# Will lawn treatment harm my bees



## Paulemar (Aug 28, 2013)

Well, if it is already applied, confirmation that it will not harm your bees will become evident in the next few days. There likely is not much attractive to bees in your lawn anyways. Those ingredients are common lawn weed control chemicals. They disrupt the life cycle of broadleaf plants, thus killing them. Notice that the selective chemicals won't even harm the grass. Your neighbors probably have it put on their lawns also, so it's not just your lawn that is available to the bees. Don't worry about it, they'll be fine.


----------



## Michael Bush (Aug 2, 2002)

There is much discussion in recent years whether or not herbicides are directly hurting bees. They probably are but the jury seems to still be out. They obviously hurt bees indirectly. They destroy their food supply. A bee looks out on a field of grass and sees a desert with nothing to eat.


----------



## The Redneck Hippie (Mar 29, 2014)

Here's the link to the MSDS: http://www.cdms.net/manuf/1prod.asp?ms=-8671&pd=5209&manuf=7&lc=0 I found it via a link from the manufacturer's website (they're legally required to post the MSDSs for all their products). 

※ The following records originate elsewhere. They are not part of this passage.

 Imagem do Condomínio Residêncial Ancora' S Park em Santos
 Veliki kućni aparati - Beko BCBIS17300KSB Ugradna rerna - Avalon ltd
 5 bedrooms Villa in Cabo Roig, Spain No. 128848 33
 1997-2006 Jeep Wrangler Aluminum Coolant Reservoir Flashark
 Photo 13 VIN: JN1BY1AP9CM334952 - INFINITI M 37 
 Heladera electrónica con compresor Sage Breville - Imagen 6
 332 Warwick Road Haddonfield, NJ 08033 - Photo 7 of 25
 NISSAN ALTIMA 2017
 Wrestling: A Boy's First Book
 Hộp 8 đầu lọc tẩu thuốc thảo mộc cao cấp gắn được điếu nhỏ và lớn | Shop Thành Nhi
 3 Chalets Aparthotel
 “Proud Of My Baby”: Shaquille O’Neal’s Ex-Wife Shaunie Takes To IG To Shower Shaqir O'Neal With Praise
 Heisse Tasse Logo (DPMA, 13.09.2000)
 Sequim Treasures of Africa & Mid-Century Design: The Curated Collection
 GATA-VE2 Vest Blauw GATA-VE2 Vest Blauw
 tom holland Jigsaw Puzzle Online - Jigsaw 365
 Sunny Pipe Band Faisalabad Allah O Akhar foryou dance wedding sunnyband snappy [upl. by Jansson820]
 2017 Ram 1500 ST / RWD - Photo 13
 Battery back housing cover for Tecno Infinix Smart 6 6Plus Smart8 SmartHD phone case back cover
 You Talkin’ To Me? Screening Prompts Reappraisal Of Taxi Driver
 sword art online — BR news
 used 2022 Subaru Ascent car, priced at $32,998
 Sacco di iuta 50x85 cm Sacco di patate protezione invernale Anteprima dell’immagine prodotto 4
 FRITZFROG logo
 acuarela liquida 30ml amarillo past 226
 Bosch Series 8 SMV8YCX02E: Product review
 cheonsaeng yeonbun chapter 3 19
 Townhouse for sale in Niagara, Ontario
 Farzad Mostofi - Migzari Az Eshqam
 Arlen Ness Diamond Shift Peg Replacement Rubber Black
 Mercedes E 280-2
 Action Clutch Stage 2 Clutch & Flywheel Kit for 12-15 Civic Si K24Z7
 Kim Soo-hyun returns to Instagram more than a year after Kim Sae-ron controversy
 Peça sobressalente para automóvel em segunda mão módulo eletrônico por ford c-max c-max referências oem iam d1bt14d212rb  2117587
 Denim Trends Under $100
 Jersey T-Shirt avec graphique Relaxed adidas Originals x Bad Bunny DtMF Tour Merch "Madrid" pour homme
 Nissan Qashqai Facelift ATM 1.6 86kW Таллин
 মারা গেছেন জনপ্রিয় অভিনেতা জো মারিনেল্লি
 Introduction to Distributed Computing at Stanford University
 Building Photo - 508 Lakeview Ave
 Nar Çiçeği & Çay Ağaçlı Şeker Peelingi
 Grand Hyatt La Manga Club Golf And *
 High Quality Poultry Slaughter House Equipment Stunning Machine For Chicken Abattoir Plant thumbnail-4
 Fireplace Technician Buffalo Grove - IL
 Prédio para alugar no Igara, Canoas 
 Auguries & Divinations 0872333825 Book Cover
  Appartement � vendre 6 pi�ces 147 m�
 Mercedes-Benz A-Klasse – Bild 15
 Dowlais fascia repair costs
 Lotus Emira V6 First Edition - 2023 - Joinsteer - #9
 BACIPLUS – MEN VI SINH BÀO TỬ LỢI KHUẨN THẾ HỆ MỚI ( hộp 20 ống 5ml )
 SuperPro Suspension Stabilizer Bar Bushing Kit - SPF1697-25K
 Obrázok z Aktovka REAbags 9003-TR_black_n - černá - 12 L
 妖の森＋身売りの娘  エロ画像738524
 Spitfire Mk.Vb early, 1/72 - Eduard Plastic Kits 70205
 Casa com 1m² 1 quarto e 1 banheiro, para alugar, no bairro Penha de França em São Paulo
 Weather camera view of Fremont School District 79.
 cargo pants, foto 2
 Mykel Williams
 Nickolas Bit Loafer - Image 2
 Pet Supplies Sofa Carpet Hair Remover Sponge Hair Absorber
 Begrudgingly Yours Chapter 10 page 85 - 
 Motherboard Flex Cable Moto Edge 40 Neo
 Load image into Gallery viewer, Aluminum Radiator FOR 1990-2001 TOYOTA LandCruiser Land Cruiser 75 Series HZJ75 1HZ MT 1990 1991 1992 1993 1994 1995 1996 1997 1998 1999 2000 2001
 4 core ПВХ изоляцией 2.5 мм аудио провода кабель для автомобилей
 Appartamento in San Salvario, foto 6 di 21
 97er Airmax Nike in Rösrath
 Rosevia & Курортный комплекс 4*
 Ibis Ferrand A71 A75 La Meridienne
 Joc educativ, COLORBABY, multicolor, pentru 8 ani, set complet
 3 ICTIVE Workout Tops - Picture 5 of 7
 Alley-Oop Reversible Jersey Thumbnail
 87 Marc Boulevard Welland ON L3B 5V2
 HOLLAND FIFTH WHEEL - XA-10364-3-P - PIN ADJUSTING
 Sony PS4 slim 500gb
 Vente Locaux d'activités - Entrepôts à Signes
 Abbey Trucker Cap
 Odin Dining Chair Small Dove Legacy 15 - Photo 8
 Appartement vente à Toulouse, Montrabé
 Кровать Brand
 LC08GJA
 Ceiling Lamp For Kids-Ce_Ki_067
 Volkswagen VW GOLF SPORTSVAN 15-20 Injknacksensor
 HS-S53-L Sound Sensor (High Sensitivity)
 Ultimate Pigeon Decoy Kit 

It doesn't list anything about bees. Not sure if that means they didn't test it on them, or if they just haven't noticed any direct ill effects yet.


----------



## bbbthingmaker (Sep 26, 2010)

Read This ! Maintaining a perfect lawn is contrary to beekeeping thinking.
http://www.honeybeesuite.com/where-have-all-the-flowers-gone/


----------



## larrybeach (May 25, 2013)

I agree with Mr. Busch, I have a friend that has 11 acres of grass. He spends a huge amount of money keeping out all the "weeds" in his lawn. He always complains how it is a battle to keep it weed free and dark green. Nothing for the bees to eat. The only thing I did this year was add some clover seed in mine.


----------



## Acebird (Mar 17, 2011)

larrybeach said:


> I have a friend that has 11 acres of grass.


Oh wow! that is like a smoking habit. All that money wasted on a plant that will grow after a forest fire.


----------



## Chemguy (Nov 26, 2012)

I don't have a direct answer, but can maybe add something to the discussion that would allow others to help.

The herbicide that you mentioned is the dimethylamine salt of another: 2,4-D (a.k.a. 2,4-dichlorophenoxyacxetic acid). I would expect the applied herbicide to have similar effects to those of 2,4-D. If anything is known about 2,4-D and bees, it should be possible to extend that to the substance you mentioned.


----------



## TWall (May 19, 2010)

Paul,

The herbicide will not directly impact bees. If it kills plants that would have been forage for bees than there is an impact.

A little pet peeve of mine. Pesticide refers to pest control chemicals. So, herbicides are pesticides. The main ones we look out for are insecticides. 

Tom


----------



## Paulemar (Aug 28, 2013)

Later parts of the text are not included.